We are a long way from the days of John Berger who, in winning the Booker Prize in 1972, spoke out so eloquently about literary conformity, migrant workers, the exploitation of the Caribbean by the Booker company and his decision to give half of his prize money to the Black Panther movement in London. Can you imagine any likely literary winner of this age doing anything remotely similar? Instead we have now a commodified ‘rebellion’ in the arts, supplied by the likes of Tracey Emin and Damien Hirst, friend of the Tories and glorified salesman respectively.

In many ways the politics of individual artists is a loaded thing at the best of times and simply as a reader it sometimes seems that it is often best not to know. Once a purge of the bookshelves began it would seem hard to know where it would end. That is, of course, a nagging dissatisfaction but it can be possible to read an author despite and in spite of their politics. Possible but not pleasing.

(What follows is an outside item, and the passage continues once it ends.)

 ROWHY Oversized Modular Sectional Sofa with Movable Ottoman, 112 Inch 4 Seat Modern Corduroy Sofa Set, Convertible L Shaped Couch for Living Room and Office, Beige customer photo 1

Of course, what a lot of writers seem to adopt is an a-political position in the hope of sidestepping, well, sidestepping everything. The only problem with that though is that the a-political position is one of the most deeply political positions available. Pretending not to see doesn’t wash, especially if you are an artist or a writer. If you are not seeing it, it is because you don’t want to. By all means live inside your head, that is the curse and the blessing of the creative life, but don’t poke your eyes out at the same time.

Clearly though, there comes a time when some writers leave you no option but to judge them politically, as in when they put their heads above the parapet and make a political decision. It says something surely about the state of our arts at this time that the public expression of a political stance should be one in support of one of the world’s most powerful armies against a population who have stones and knives. To then follow this up, as JK Rowling has done, by declaiming that she has never ‘heard of a cultural boycott ending a bloody and prolonged conflict’ can only astonish Archbishop Desmond Tutu and those thousands of global anti-apartheid activists who opposed South Africa. It can only bring succour to such cultural icons as Elton John and Queen who performed in that officially racist State and in doing so took the most blood soaked money available at the time.

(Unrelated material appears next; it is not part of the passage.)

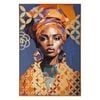 Urban Style Brushmarks Foiled Canvas African Woman Blue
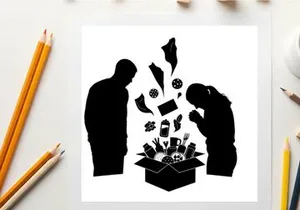 Silhouette of two people looking at items spilling out of a box silhouette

Rowling’s re-writing of history is either intellectually sinister or intellectually bankrupt and looks as if it might be both. To be fair, though, if she and all of those others so brave to speak out against the cultural boycott of the Israeli state are having problems understanding the situation I can point them to an easily discovered place. Joe Sacco’s Palestine is a graphic novel, one of our most underrated artforms, that documents the author’s experience staying in the West Bank and the Gaza Strip amongst the Palestinian people. It is one of the best explorations of the subject I have ever read.

So if JK Rowling, Hilary Mantel, Simon Schama and friends are having trouble grappling with the intellectual nuances of the Palestinian experience (and if they are already disremembering the history of apartheid South Africa it looks like they are) then have a look at that book. Honestly, it’s a comic. How much simpler do you want it?

On the pages of this publication Mia Oudeh has already written more eloquently than I could ever manage about her heartbreak at JK Rowling’s position and has skewered all of these cultural figures by hinting at a ‘judgement purely based on privilege and monetary benefits.’ The Sleaford Mods vocalist Jason Williamson recently pinpointed the famously ‘a-political’ Noel Gallagher of Oasis as being ‘withered by luxury.’

If nothing else we can only hope that those writers and artists opposing or taking a non stance on the cultural boycott of the Israeli State heed the likes of John Berger, Ken Loach, Naomi Klein, Alice Walker and the late Iain Banks instead of those Guardian signatories. To do otherwise is to bring forth art from the position of privilege and withered luxury and come on now, we’ve had a bellyful of that haven’t we? Yet, at least be thankful to The Guardian signatories for one thing. There is no more fence now to sit on. Colours to the mast. The cultural boycott is the only ethical position we have.